Interesting information. Thanks for the heads up! This wasn't something I was aware of. I knew of the gun show loophole, but wasn't sure of the wording regarding buying versus owning.


----------



## icehog3 (Feb 20, 2005)

Shaz said:


> If the funding is used strictly for road repairs and upgrades, then the government is using coercive methods to get it's way.





NakedYoga said:


> Yeah, it seems coercive to the layman, but the Supreme Court found it not to be coercive under constitutional law.


Shaz, I agree with you. Even if the SC says it is not coercive, I think it is pretty clear that it is. Not that I disagree with it, but it seems that it is most certainly coercive.


----------



## NakedYoga (Dec 5, 2008)

19thHole said:


> Interesting information. Thanks for the heads up! This wasn't something I was aware of. I knew of the gun show loophole, but wasn't sure of the wording regarding buying versus owning.

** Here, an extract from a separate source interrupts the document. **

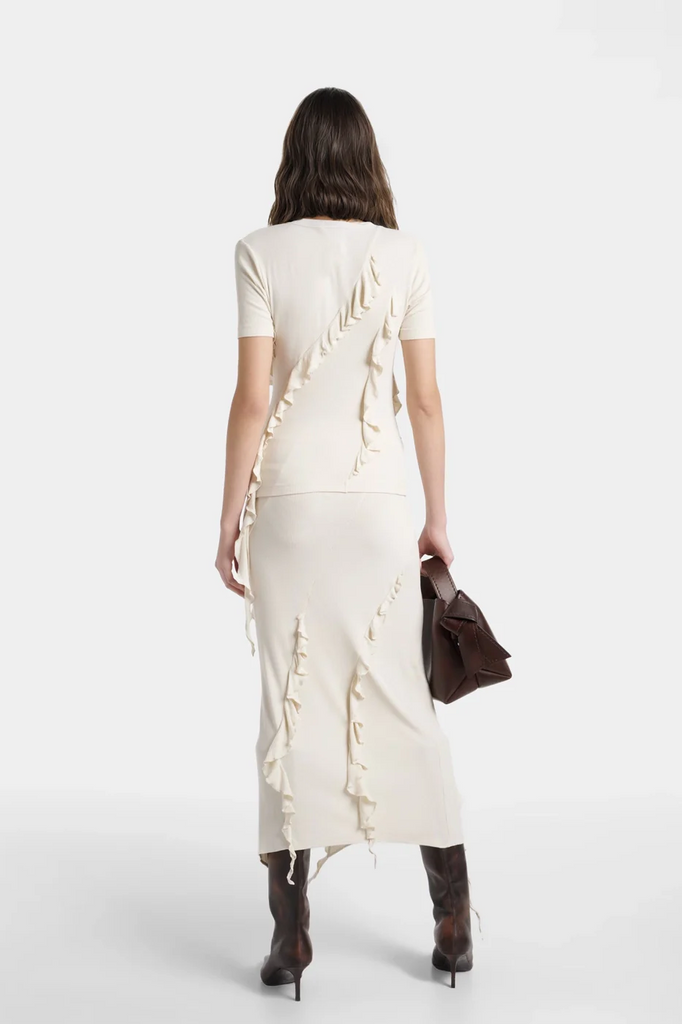 Sadie Fringed Skirt in off-white with asymmetrical fringe detailing.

Yeah, it's interesting. The real loophole isn't in "buying" versus "owning." It's in who sells you the gun.



icehog3 said:


> Shaz, I agree with you. Even if the SC says it is not coercive, I think it is pretty clear that it is. Not that I disagree with it, but it seems that it is most certainly coercive.

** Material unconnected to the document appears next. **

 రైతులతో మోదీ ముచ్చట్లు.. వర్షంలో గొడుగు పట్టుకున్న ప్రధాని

I too agree that it's coercive. I was just noting what the Supreme Court said. Of course, the Court didn't specify just how much withheld money would rise to the level of being coercion, but there isn't a state government in the country that would refuse federal highway funding, even if it is only 5%. Congress obviously knew that; definitely a shrewd move, but questionable nonetheless.


----------



## icehog3 (Feb 20, 2005)

NakedYoga said:


> I too agree that it's coercive. I was just noting what the Supreme Court said. Of course, the Court didn't specify just how much withheld money would rise to the level of being coercion, but there isn't a state government in the country that would refuse federal highway funding, even if it is only 5%. Congress obviously knew that; definitely a shrewd move, but questionable nonetheless.

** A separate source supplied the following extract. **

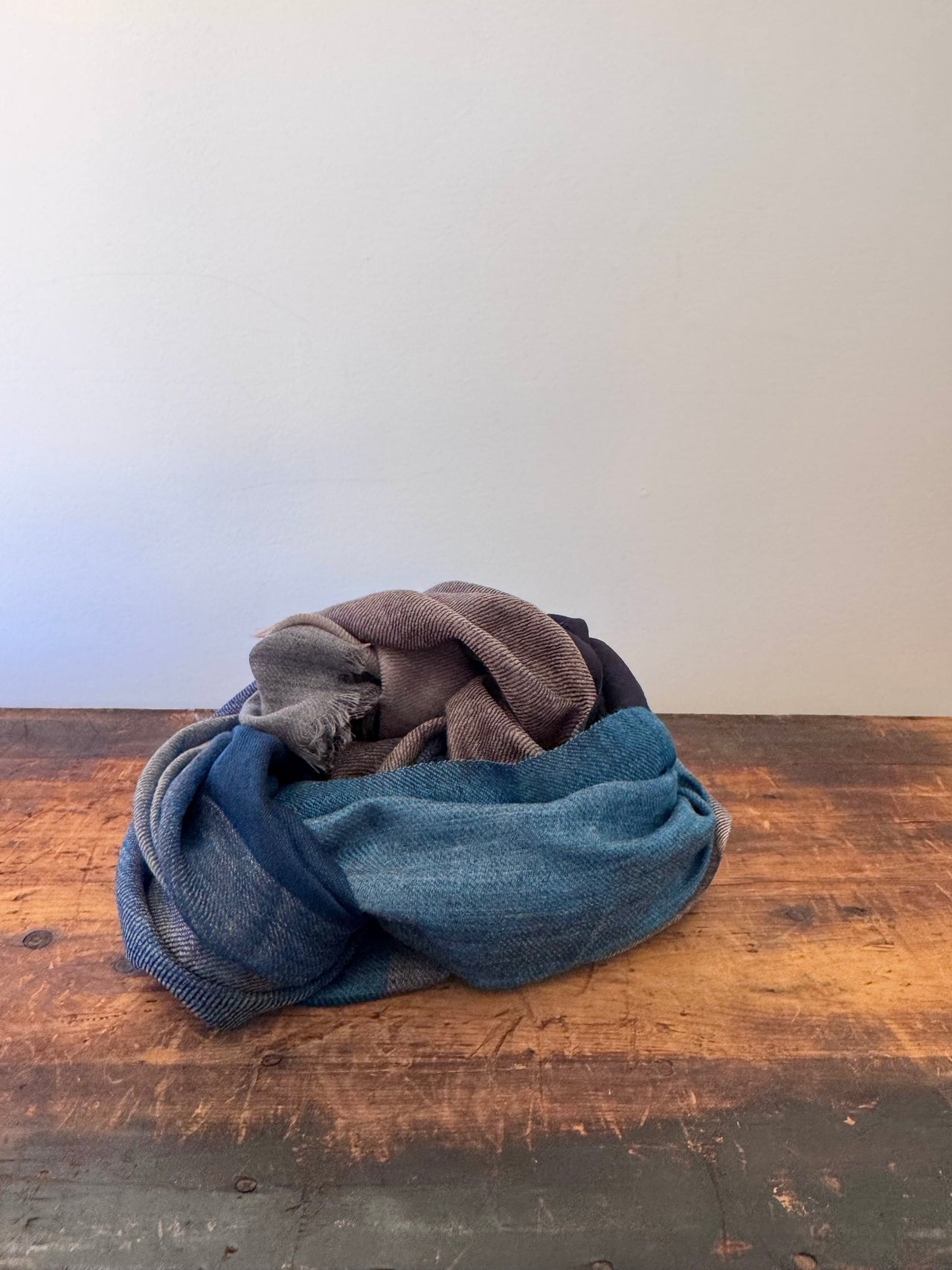 Stack of folded jeans on a wooden surface with a white wall background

Absolutely, I assumed you were pointing it out for thoroughness' sake. I agree with all that you have said.


----------



## GTCharged (Nov 3, 2008)

The government is shady. End of story. 
Now smoke a gar' and enjoy it. 
I have to wait til' tomorrow... lol.. You don't know how impatient I am. 
6 Hours and 45 minutes until legally 18! 
I sure hope to god I like em'! If I like the smell, i should like the taste, eh?


----------



## macjoe53 (Jul 8, 2007)

NakedYoga said:


> I agree with the matter of principle. What I can think of, though, is that regardless of what age you join the military, you receive some pretty brutal and extensive training on how you handle and use your weapon(s). *You don't get any training for how to conduct yourself maturely without endangering other people while drunk.
> *
> 
> :2


Admittedly, I've been retired since 1993 but while I was on active duty (Jan. 72-Sept. 93) I remember the occasional driver safety course we were required to pass back when they issued "Government Driver Licenses" so you could drive government vehicles. They also used to have course you had to pass so you could drive certain types of trucks. These courses always included sections on driving while intoxicated. I don't know if they still have these courses. They may not.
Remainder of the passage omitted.